The rest of the group was pretty quiet too so I suspect that they too were taking it all very seriously. When we finally had our introductions, I discovered that there are some quite interesting types amongst us. There's an A&E doctor who is quite young and seems like she could be fun. A woman who runs a florist with her family. A primary school headmistress. A woman who is soon going back work as an air stewardess after taking a break to look after her daughter. A woman who breeds Westies. A beautician. A legal secretary. A golf pro (I think - didn't hear that one very clearly). All in all, an interesting bunch.

In the interests of full disclosure I'll reveal that I weighed in at, wait for it, 19 stone and 11 lbs. That is huge and way more than I have ever weighed. I'm currently a size 22/24 in Evans (which is a generously sized shop). My measurements are (in inches):

Height - 5' 7"
BMI - 45
Chest - 50
Waist - 44
Hips - 56
Arm - 18
Thigh - 33
Knee - 20
Calf - 18

I'm intending to post a photo taken by my husband of me in the hallway (for scale) every few weeks so that I can track my progress. This has got to work!!

Thursday 11 January 2007

Hours to go

It's really rainy and windy outside and that matched my insides - I'm getting nervous for some reason. I must have bought into how important this to me.

Anyway, it's lunchtime on my last non-diet day. I've tried to not to binge but the temptation is beginning to get the better of me! I've had a couple of mini doughnuts, some birthday cake and I'm trying to finish the satsumas before they become verboten. In fact, a colleague has just talked me into having some "last chips" and he's off to the chippy as I write!! Can't believe it, in the 18 months I've worked here I've never once given in to chips but today it seems fitting.

So, nervous but excited.

Wednesday 10 January 2007


Well, I didn't manage to post a photo in my last blog so I thought I'd do a new one as promised. this is me and my dog. Hopefully we'll be shrinking before your eyes over the next few weeks and months.

The day before it all begins - Introductions please

Hi. I've never written a blog so bear with me. I'm imagining someone (sympathetic I hope)reading it which gives me some small purpose in writing it.

I'm due to start on a serious diet with Lighter Life tomorrow evening so I thought I'd kep a blog to see how I change over the months and hopefully to keep me to the straight and narrow. I've never felt more focussed on a diet before, have always rushed off to a meeting or bought the tape or the book so have never experienced this sense of anticipation. It's pretty positive I suppose, actually looking forward to starting a diet rather than dreading the deprivation it entails.

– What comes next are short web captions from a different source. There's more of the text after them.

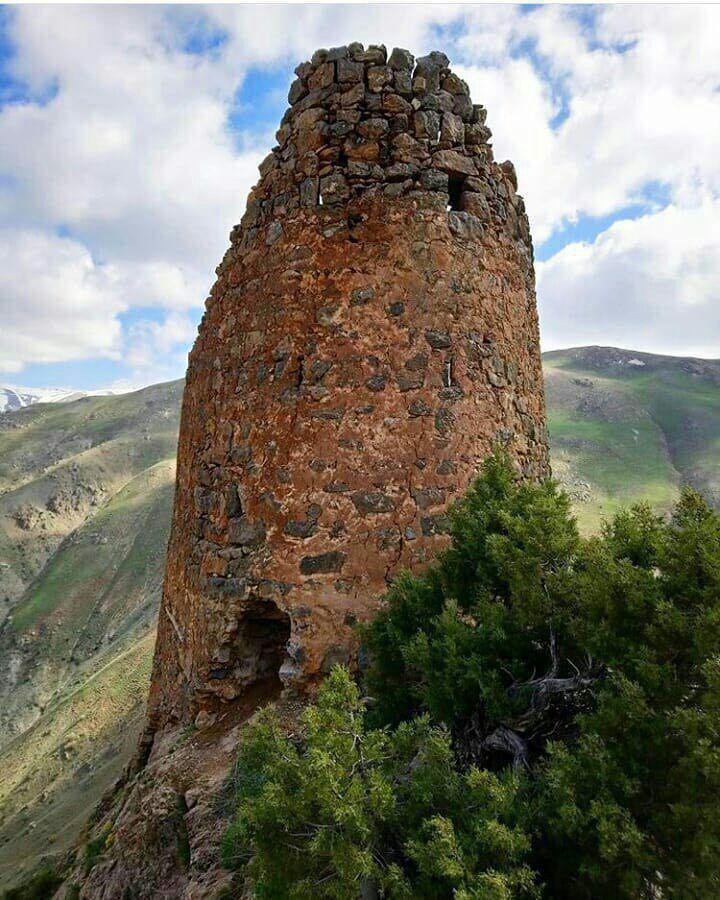 قلعه تاریخی بردوک در شهرستان ارومیه و استان آذربایجان غربی قرار دارد. قلعه نزدیک کوه های مرزی ایران و ترکیه قرار گرفته. این قلعه زیبا متعلق به دوره صفوی است... ?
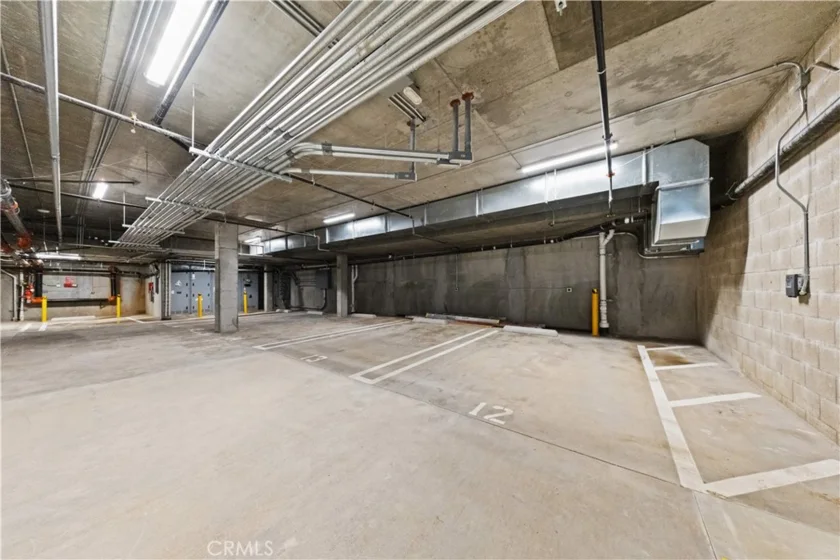 176 N Catalina Avenue #404 photo 44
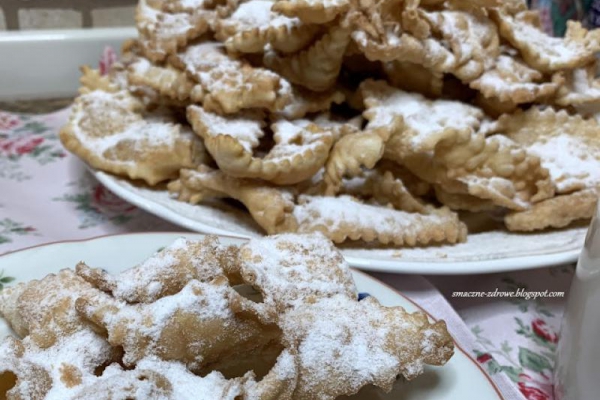 CHRUSTY, CHRUŚCIKI, FAWORKI NA MĄCE ORKISZOWEJ, BEZ CUKRU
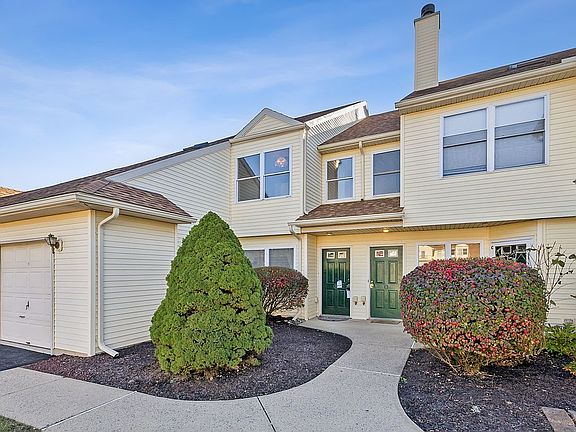 Front Exterior Closeup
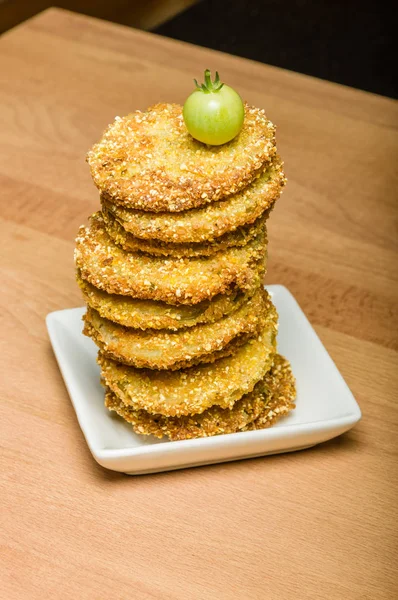 Frittierte grüne Tomaten Sandwich bereit zum Servieren — Stockfoto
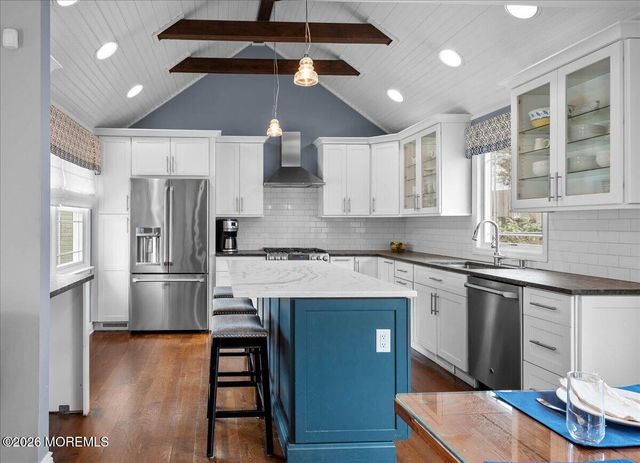 47 Mclean Street, Red Bank, NJ 07701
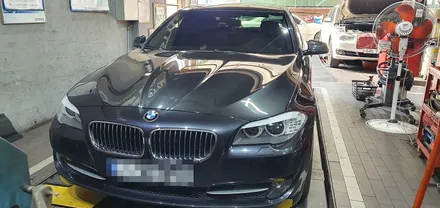 BMW 5시리즈 F10 520d 엠비언트 라이트 레드 LED 무드등 튜닝 4도어 비노출 조명 단색 앰비언트 BMW 튜닝 전문점 대구 씨앤디 인터내셔널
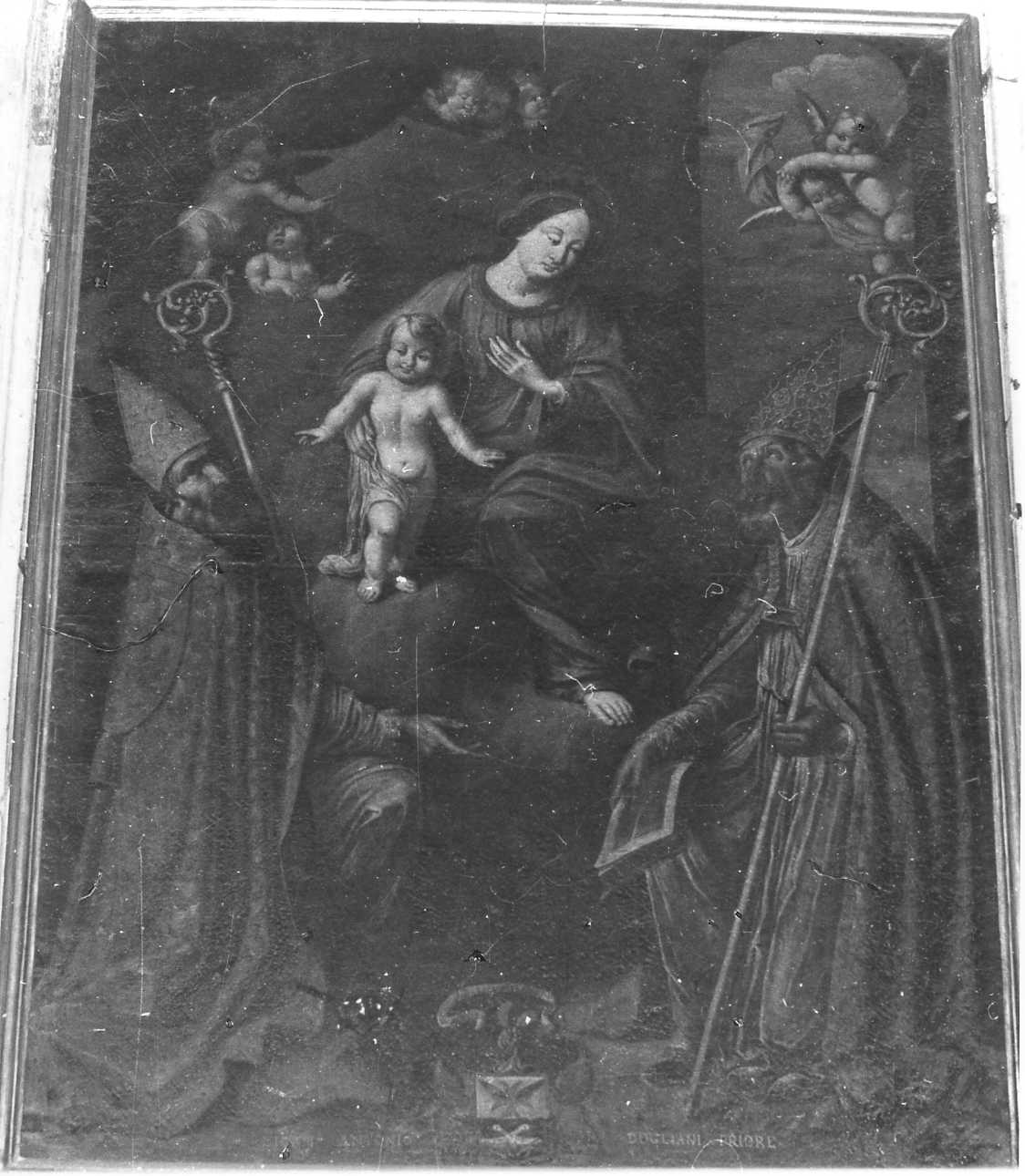 Madonna con Bambino, San Gottardo e Sant'Onorato (dipinto, opera isolata) di Claret Alessandro (secc. XVII/ XVIII)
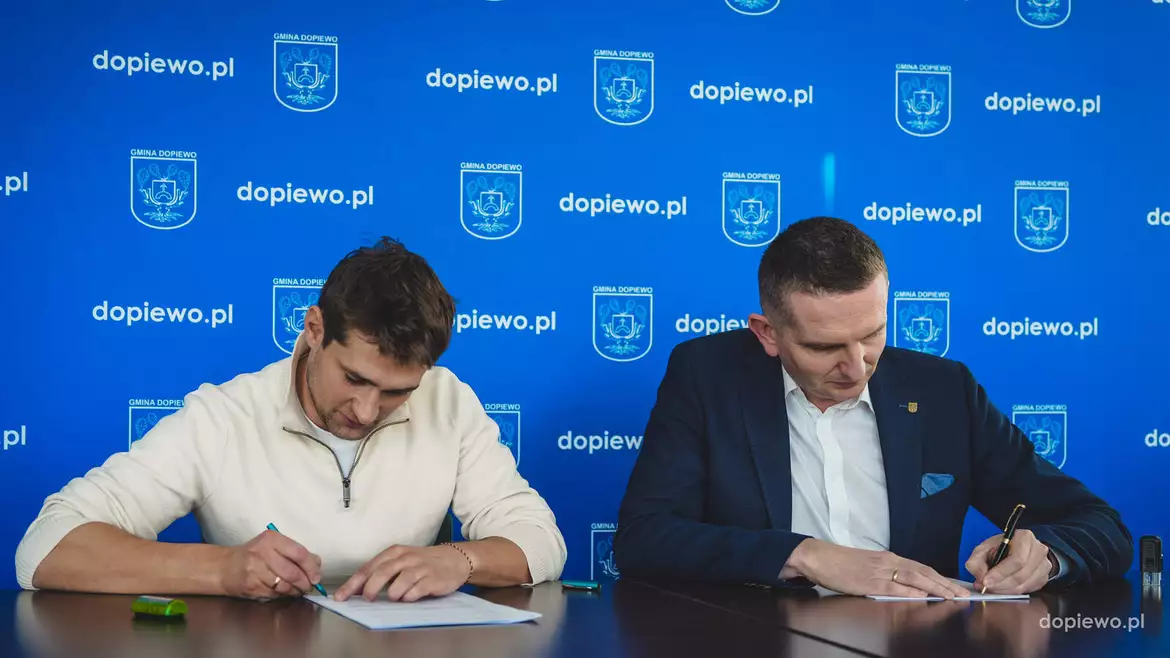 Wójt Gminy Dopiewo podpisał umowę na rozbudowę OSP w Palędziu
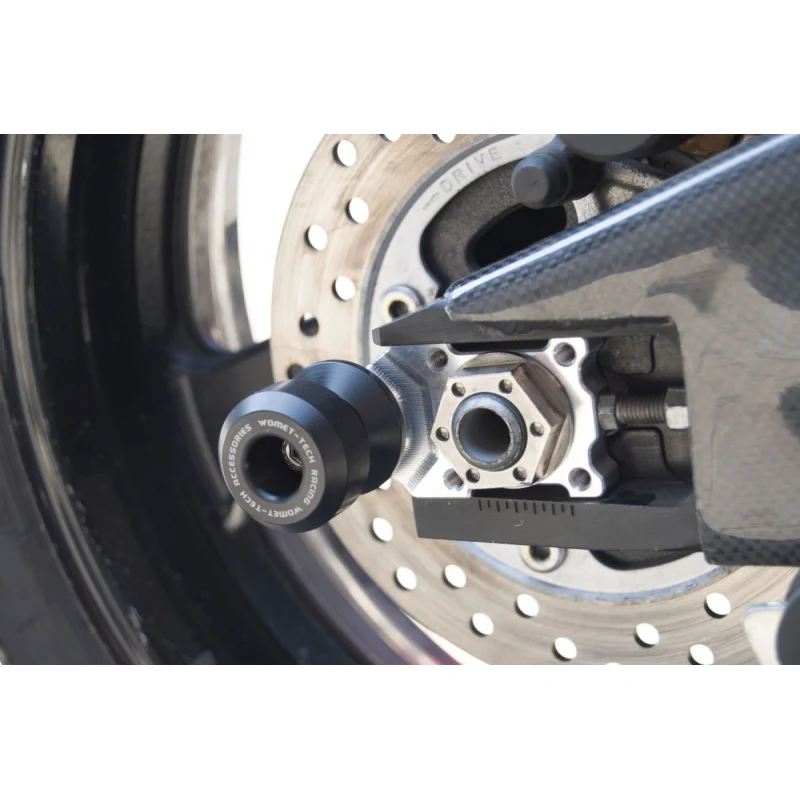 2017-2020 Yamaha R6 Axle Block Crash Protectors by Womet-Tech - Image 4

Yes, that'll be the thought I take with me from this blog this evening - this diet is a positive experience which I am looking forward to not a negative period when my life is put on hold. Yeah - it's unlikely that I'll hold onto that thought for long but it's worth a try.

Now I'm typing I don't want to stop. So, who am I? I'm 37. I'm a solicitor and I'm married with no children but one very indulged little dog. I've been fatter than my peers throughout my whole life. Not necessarily extremely fat in past years - in fact it makes me sad to think back on how bad I felt at certain times in my life when, looking at the photos, I was slightly chubby but extremely attractive. Really, youth and good looks are wasted on the young! But, over the years the weight has cloaked me and now I'm 5'7" and weigh nearly 20 stones. It's ugly just writing that.

A friend recently said, out of the blue, that my weight has "blighted my life". I'm not sure I agree. I'm not a moping failure or anything and there are many good things going on in my life. I think what she meant was that my weight has been a constant companion and a constant trial. It has affected my relationship with my husband, the world at large (no pun intended) and with myself. That must change. Iam no longer aiming just to lose a couple of stone but to change my life and become slim.

I think that's a good note to end on. Wish me luck!

Oh, I suppose I should let you know who you're talking to - now this takes guts.... ta daa...me and my doggie...if this works, which it might not. Oh well. If there's no photo when I publish it I'll try again later!!